Vamos citar o exemplo do Paraná. Carli Filho, um ex parlamentar estadual de grande influência não escapou de um indiciamento inedito no país: DUPLO homicídio qualificado com dolo eventual.
Por analogia, o caso da Ponte JK de Brasilia, se tivesse acontecido no Paraná seria TRIPLO homicídio.
Porque a diferença?
Fernando
Caro Fernando,
Eu espero que o STJ ajude a fazer o Poder Judiciário agir com o rigor que o estado de barbárie de nosso trânsito requer.
Forte abraço,
Paulo Cesar
Caro Paulo,
Eu vou me permitir um autoplágio e repetir aqui um comentário que escrevi sobre as decisões recentes dos tribunais absolvendo praticamente TODOS os condutores que se recusaram a soprar o bafômetro.
A Justiça brasileira é uma expressão da moral de seus representantes. Não elegemos um Juiz; não escolhemos um Ministro do Supremo Tribunal Federal, nem de qualquer outra Corte Superior. A Justiça vive de si mesma, como uma esfera autônoma que, aliás, admite pouquíssimo controle da Sociedade a que serve. Ela não é uma expressão da democracia.
Não é uma fragilidade da “Lei Seca” que o crime de trânsito, configurado pela concentração igual ou superior a 6 decigramas de álcool por litro de sangue, exija a aferição técnica do bafômetro ou do exame de sangue do motorista. Frágil é o entendimento de que o cidadão, detentor provisório de uma concessão do Estado para condução de um veículo automotor nas vias públicas, não tenha a obrigação de se submeter à essa aferição diante do Poder de Polícia.
A tese do “não produzir prova contra si mesmo” é irmã daquela que diz que “acidente de trânsito é acidente” – um fato vazio de intenção, um sem-querer que o destino transformou em fatalidade. A Justiça brasileira NÃO COMPREENDE o acidente de trânsito, não importa quantas vidas tenham se perdido, quantas mães e pais se esgoelem pelas ruas, revoltados com suas perdas irreparáveis.

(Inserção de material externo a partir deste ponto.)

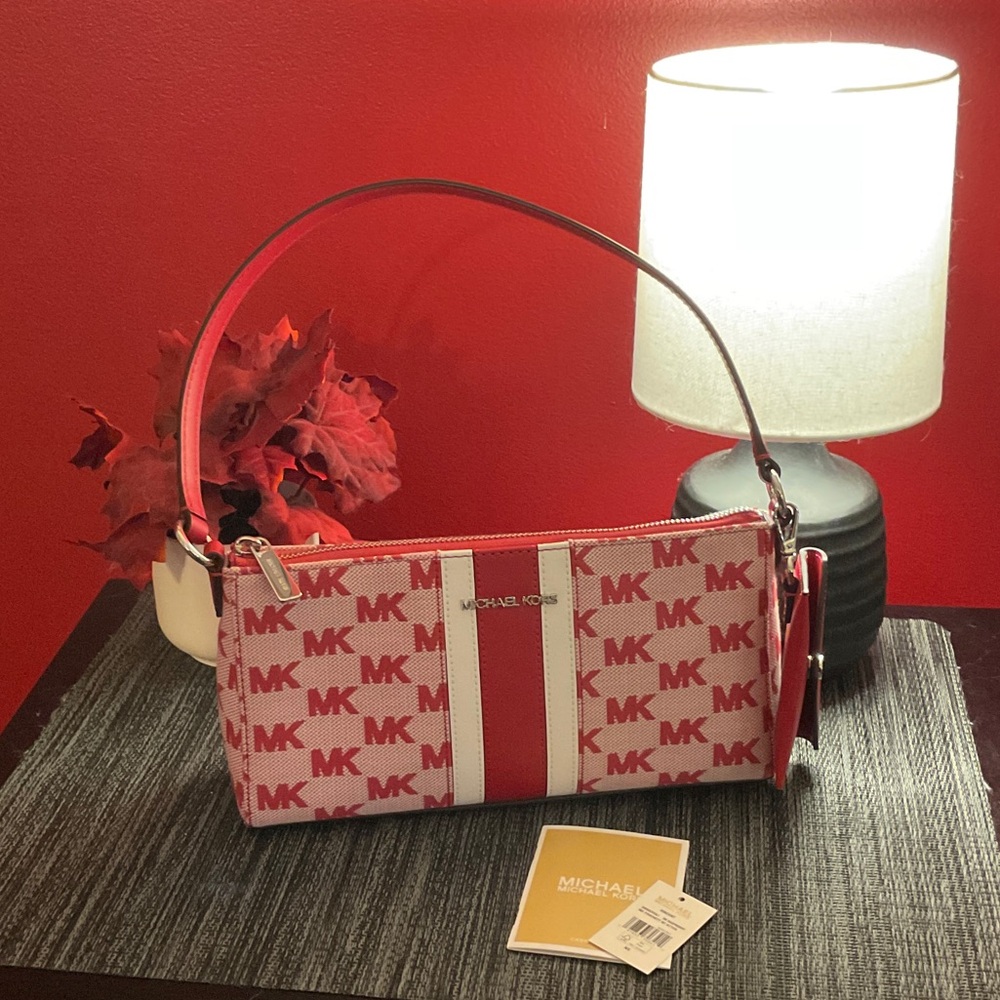 Michael Kors Red and White Shoulder Bag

Nada mais estranho à moral da Justiça brasileira do que condenar alguém por um Crime de Trânsito – uma novidade do novo Código que nunca desceu goela abaixo dos tribunais no país.
Essa moral elástica dos tribunais, complacente com os pequenos e grandes deslizes de cada um no trânsito, é uma velha conhecida, que favorece privilégios e reproduz desigualdades – para os “outros”, a Lei.
O ultrajante caso Timponi é apenas mais uma expressão desse estado de coisas que, tenho certeza, um dia será superado.
Eduardo,
Obrigado pelo ótimo comentário, como sempre. Um aspecto que você levanta merece uma outra boa discussão: o motorista tem mesmo uma licença precária do Estado e precisa produzir evidências de que está em condições de usá-la a qualquer momento. Também considero falacioso o argumento de que estaria produzindo provas contra si.